Se quindi non ci fossero rispettati questi punti, l’introduzione di un salario minimo avrebbe conseguenze sul mercato del lavoro?
“Certo, conseguenze molto pericolose. Se abbiamo un settore che ha tutele maggiori definite attraverso un contratto collettivo nazionale e se si introduce per legge un salario minimo senza che venga definito un sistema di tutele e il primato del valore del contratto di categoria, i datori di lavoro in quel settore, applicando la norma, possono ridurre le tutele e possono apportare dei peggioramenti alla condizione salariale. L’applicazione del salario minimo in un settore dove la paga è più bassa, può essere un miglioramento. Però il tema va affrontato con i dovuti accorgimenti. Deve essere uno strumento per migliorare le condizioni salariali di chi è più svantaggiate e quindi per quelli che prendono una paga inferiore ai 9 euro discussi ora. Ma non deve diventare un’arma per i datori di lavoro”.

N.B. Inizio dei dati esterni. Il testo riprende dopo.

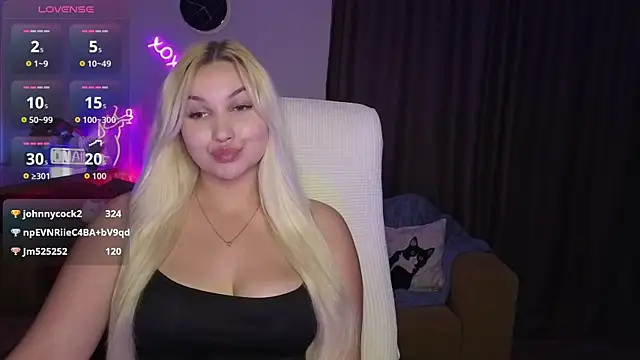 Watch adrelaxina live on EroticFlix - High definition streams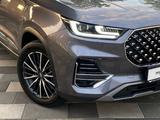 Chery Tiggo 8 Pro 2023 года за 8 290 000 тг. в Алматы – фото 4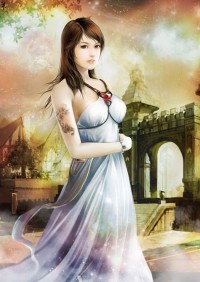 （HP同人）[HP/德拉科BG]Sunny Day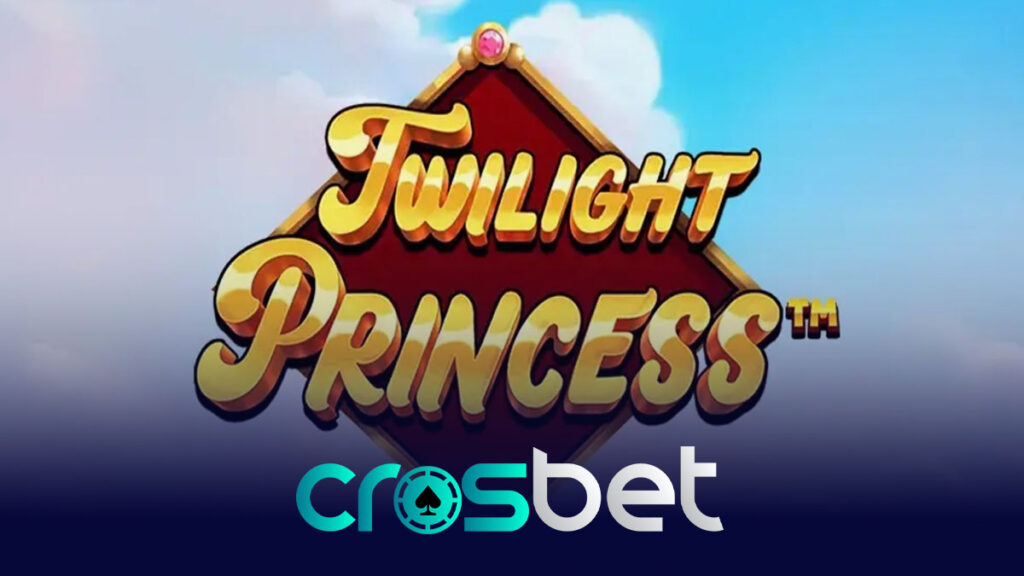 Crosbet Twilight Princess Oyunu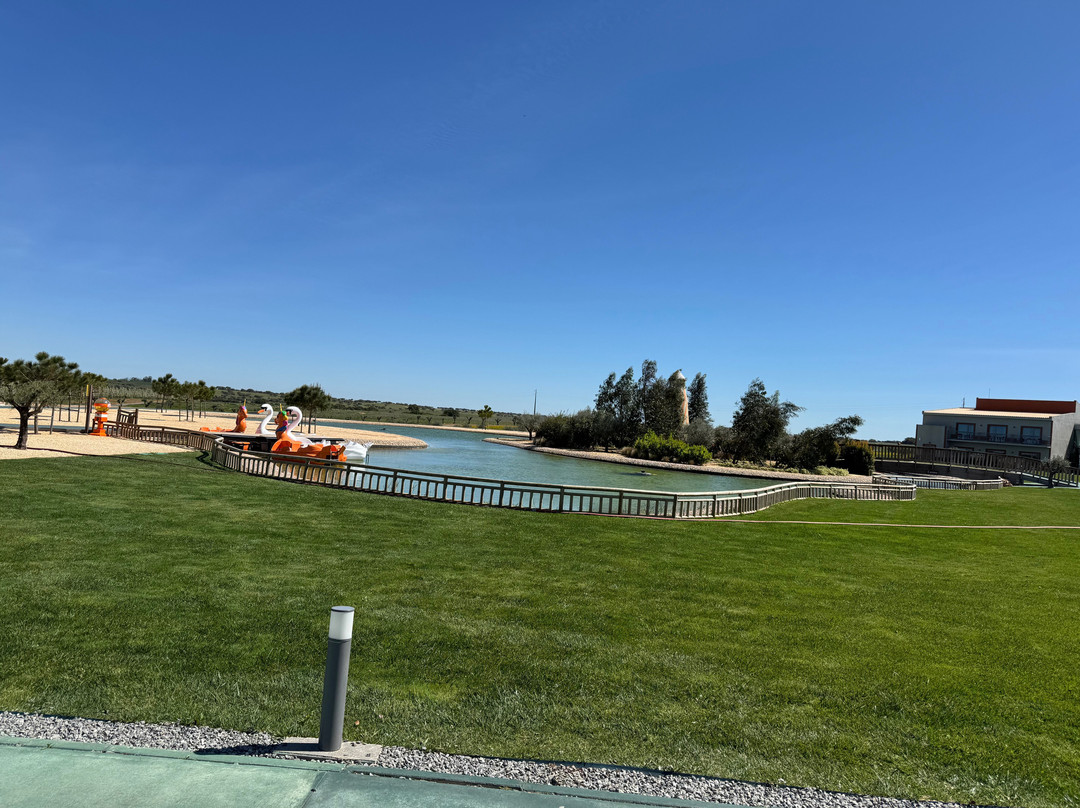 Vila Gale NEP 儿童酒店主图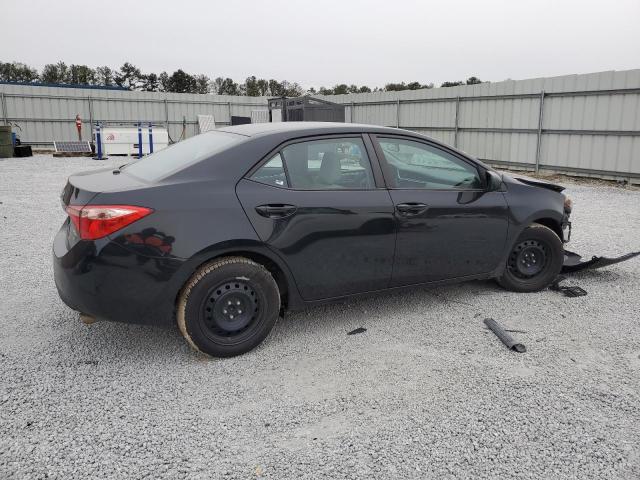 Photo 3 from auction – 2019 TOYOTA COROLLA L with VIN 2T1BURHE6KC206272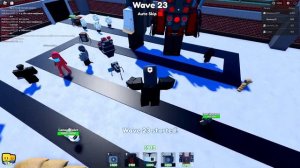 СТРИМ?  ТУАЛЕТ ТОВЕР ДЕФЕНС | РАЗДАЧА | TOILET TOWER DEFENSE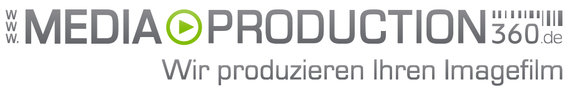 Ihre Unternehmenspräsentation » MEDIAPRODUCTION360 / POWER4-BUSINESS® GmbH & Co. KG in Ludwigshafen am Rhein - Logo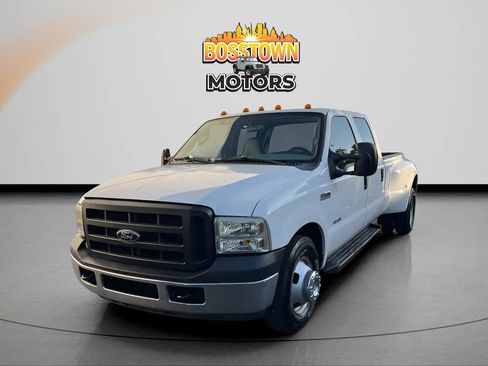 Used 2007 Ford F350 XL image 1
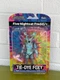 Funko Pop Five Nights at Freddy's Tie-Dye Foxy 5" Action Figure FNAF 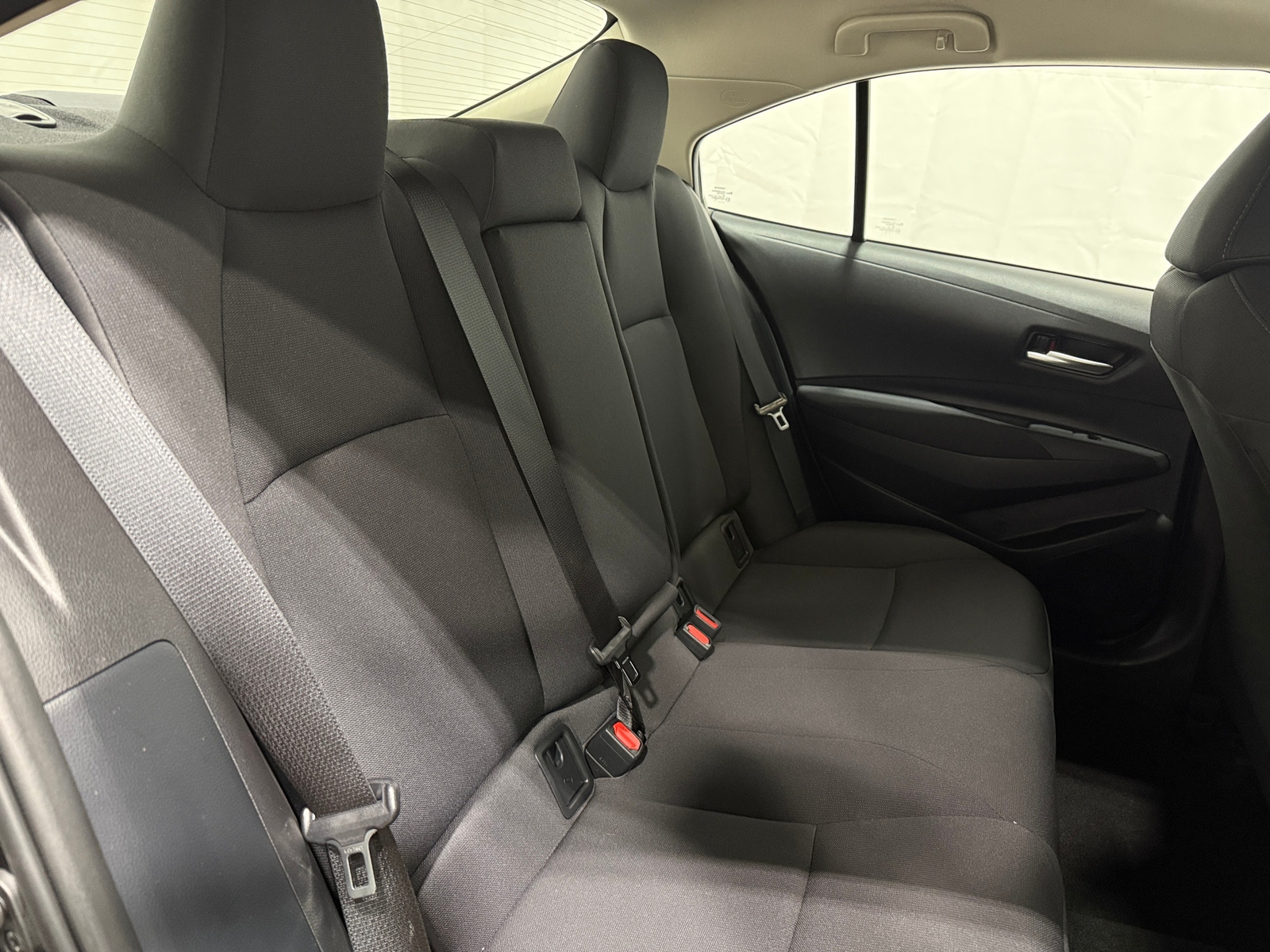 Thumbnail: 2021 Toyota Corolla - 6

Chi critica la posizione dei sindacati pensa sia frutto di un timore di perdere peso a livello di potere contrattuale a favore dello Stato…
“Il potere contrattuale del sindacato è uno strumento al servizio dei lavoratori. L’interesse del sindacato non è tutelare sé stesso, ma la condizione di chi lavora. Il timore del sindacato quindi è che il suo indebolimento coincide con l’indebolimento della condizione di chi lavora.”
L’osservatorio Domina ha pubblicato uno studio che stimava un aumento del 91% dei costi per colf e badanti in caso di introduzione del salario minimo. Sarebbe dovuto al fatto che si tratta di categorie sottopagate o a un effetto distorsivo della norma?
“Io mi riservo di mettere in discussione questo dato. Il contratto di categoria colf e badanti è un contratto che non prevede le paghe orarie più alte, però parlare di un aumento dei costi del 90 per cento è come affermare che questi 9 euro fossero il doppio di quello che percepisce il lavoratore. Contratti alla mano e conti alla mano non è assolutamente così. Ricordo inoltre che il contratto collettivo ha tutele che vanno al di là della paga oraria. Il salario minimo può dare un impulso a determinati settori e ambiti per innalzare i redditi dei lavoratori, ma deve essere fatto dentro la cornice dei contratti. Perché se una persona si ammala non ha nessuna tutela in termini di assistenza e contributi, assicurazione etc. Sono tutti elementi complessivi che vanno tenuti presenti.”
In alcuni Paesi europei la norma è già stata adottata.
“In Europa, complessivamente, un lavoratore su 10 è in condizione di povertà, perché guadagna meno di 9 euro l’ora. Si assiste inoltre a fenomeni di delocalizzazione delle aziende, e quindi di dumping salariale. Le direttive, poi, richiedono che gli Stati membri adottino una legislazione che viene definita di volta in volta. Per questo noi siamo favorevoli a un ragionamento complessivo europeo, anche a livello di organizzazioni sindacali . Però deve essere applicato in ogni Paese nel modo più corretto. Guardando al contesto italiano, non possiamo non mettere in evidenza il dumping contrattuale, ossia i contratti pirata. Per questo chiediamo come prima cosa la legge sulla rappresentanza, perché dobbiamo distinguere tra distinguere organizzazioni sindacali create ad hoc e che non rappresentano nessuno o quasi per firmare accordi al ribasso sulla pelle dei lavoratori, e sindacati che hanno un livello di rappresentanza tale di una categoria da renderli deputati a siglare un contratto che veramente rappresenti i lavoratori di quel settore. Sempre insieme ai contratti collettivi nazionali.”